Le quotidien britannique The Times affirme jeudi que les 10 soldats français tués dans une embuscade en Afghanistan en août 2008 avaient mal évalué les risques, parce que les militaires italiens qui les avaient précédés ne leur avaient pas dit qu'ils payaient les talibans pour maintenir la paix dans leur région de Saroubi, près de Kaboul. Dans un communiqué, le gouvernement italien a démenti avoir «jamais autorisé ni consenti aucune forme de paiement d'argent aux membres de l'insurrection talibane en Afghanistan».

Un haut gradé afghan a laissé entendre le contraire.

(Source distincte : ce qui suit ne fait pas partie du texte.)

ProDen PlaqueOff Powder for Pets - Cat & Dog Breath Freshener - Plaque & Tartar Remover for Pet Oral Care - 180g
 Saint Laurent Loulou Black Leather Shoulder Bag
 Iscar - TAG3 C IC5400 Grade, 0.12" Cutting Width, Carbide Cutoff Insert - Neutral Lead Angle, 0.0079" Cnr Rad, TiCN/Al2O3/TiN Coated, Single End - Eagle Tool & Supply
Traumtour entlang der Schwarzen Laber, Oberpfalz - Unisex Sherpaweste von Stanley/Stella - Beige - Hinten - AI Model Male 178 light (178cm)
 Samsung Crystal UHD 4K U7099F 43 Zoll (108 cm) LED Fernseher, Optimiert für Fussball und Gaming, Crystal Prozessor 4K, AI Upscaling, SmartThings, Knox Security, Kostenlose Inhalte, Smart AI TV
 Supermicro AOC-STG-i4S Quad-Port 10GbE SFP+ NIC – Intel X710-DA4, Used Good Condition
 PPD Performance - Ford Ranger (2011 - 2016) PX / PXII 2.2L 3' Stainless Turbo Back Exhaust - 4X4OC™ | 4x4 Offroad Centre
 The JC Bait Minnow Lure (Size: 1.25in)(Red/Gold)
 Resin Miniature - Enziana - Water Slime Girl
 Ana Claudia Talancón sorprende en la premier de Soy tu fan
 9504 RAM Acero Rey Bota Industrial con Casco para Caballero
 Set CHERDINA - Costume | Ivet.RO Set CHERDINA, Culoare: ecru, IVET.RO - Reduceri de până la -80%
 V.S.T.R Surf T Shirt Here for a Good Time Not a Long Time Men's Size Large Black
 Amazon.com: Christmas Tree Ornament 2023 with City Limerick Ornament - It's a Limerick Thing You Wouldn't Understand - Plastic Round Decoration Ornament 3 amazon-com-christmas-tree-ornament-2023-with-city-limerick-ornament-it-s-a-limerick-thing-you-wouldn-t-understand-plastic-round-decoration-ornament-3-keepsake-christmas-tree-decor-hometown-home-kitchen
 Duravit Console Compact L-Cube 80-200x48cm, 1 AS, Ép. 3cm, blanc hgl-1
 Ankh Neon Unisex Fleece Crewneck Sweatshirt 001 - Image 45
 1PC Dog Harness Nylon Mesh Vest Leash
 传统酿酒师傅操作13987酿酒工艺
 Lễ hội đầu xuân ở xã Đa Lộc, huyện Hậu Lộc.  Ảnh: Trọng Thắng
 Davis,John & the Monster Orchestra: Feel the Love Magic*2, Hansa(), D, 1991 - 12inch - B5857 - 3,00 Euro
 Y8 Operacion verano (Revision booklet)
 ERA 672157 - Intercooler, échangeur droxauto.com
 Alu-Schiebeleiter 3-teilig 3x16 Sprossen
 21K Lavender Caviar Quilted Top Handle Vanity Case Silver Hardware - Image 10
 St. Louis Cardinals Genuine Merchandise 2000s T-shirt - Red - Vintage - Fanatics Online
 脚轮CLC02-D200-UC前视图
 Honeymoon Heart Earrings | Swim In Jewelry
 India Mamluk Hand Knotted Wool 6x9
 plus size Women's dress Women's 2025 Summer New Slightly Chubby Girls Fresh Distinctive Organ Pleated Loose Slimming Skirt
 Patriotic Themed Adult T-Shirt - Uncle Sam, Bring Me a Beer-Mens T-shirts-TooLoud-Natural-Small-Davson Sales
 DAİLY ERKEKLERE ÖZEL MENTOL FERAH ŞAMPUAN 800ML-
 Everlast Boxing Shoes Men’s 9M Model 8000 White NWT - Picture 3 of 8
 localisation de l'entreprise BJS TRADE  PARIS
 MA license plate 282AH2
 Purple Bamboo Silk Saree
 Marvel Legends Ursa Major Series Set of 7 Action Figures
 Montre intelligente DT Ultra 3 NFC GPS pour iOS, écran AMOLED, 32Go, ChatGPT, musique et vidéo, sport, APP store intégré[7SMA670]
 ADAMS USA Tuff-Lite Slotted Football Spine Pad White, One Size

«Nous savions que les forces italiennes payaient l'opposition (armée) en Saroubi pour ne pas être attaquées. Nous avons des informations sur des accords similaires dans la province de Herat (ouest) par les forces italiennes» basées là-bas, a-t-il déclaré sous couvert d'anonymat.

Un porte-parole de l'armée française à Kaboul, le lieutenant-colonel Jackie Fouquereau, a assuré que «les Français ne donnent pas d'argent aux insurgés».

Le général Eric Tremblay, porte-parole de l'OTAN en Afghanistan, a dit n'être «pas au courant» de ces pratiques de manière générale, et n'avoir pas d'information concernant le cas italien.

«Ce n'est pas une pratique de contre-insurrection. (...) Mais le gouvernement afghan peut parfois faire des arrangements locaux. Si c'est pratiqué, c'est plus par le gouvernement afghan que par les forces internationales», a-t-il assuré.

Mais selon divers officiers occidentaux et afghans sous couvert d'anonymat, cette pratique, visiblement politiquement sensible, est assez largement répandue au sein de l'OTAN en Afghanistan.

Une source militaire occidentale a évoqué des payements effectués par les soldats canadiens stationnés dans la violente province de Kandahar, dans le sud, tandis qu'un autre officier parlait de pratiques similaires par l'armée allemande dans le nord, à Kunduz.

«Beaucoup de pays de l'OTAN dont les soldats opèrent dans les zones rurales d'Afghanistan payent les insurgés pour ne pas être attaqués (...) à l'exception des forces américaines, britanniques et de l'opération Enduring Freedom» sous commandement américain, explique le haut gradé afghan.

Selon lui, «plus de la moitié des forces de l'OTAN déployées dans la campagne afghane ont passé de tels accords» de paiements en échange de leur tranquillité.

Sans vouloir chiffrer aussi précisément l'étendue de la pratique, un officier occidental explique que «comme ce n'est pas très valorisant et pas reconnu officiellement, on n'ose pas toujours en parler clairement, on a un peu honte... Du coup, parfois ça communique mal entre l'ancienne unité sur place et la nouvelle unité venant la relever», comme ce qui s'est peut-être passé entre les Italiens et les Français.

Selon The Times, les services secrets italiens avaient versé des dizaines de milliers de dollars aux commandants talibans et aux seigneurs de guerre locaux pour maintenir en paix la région de Saroubi.

Les soldats français étaient déployés depuis à peine un mois quand 10 d'entre eux furent tués et 21 blessés, le 18 août 2008, dans une des embuscades les plus meurtrières tendues par les insurgés contre les forces internationales.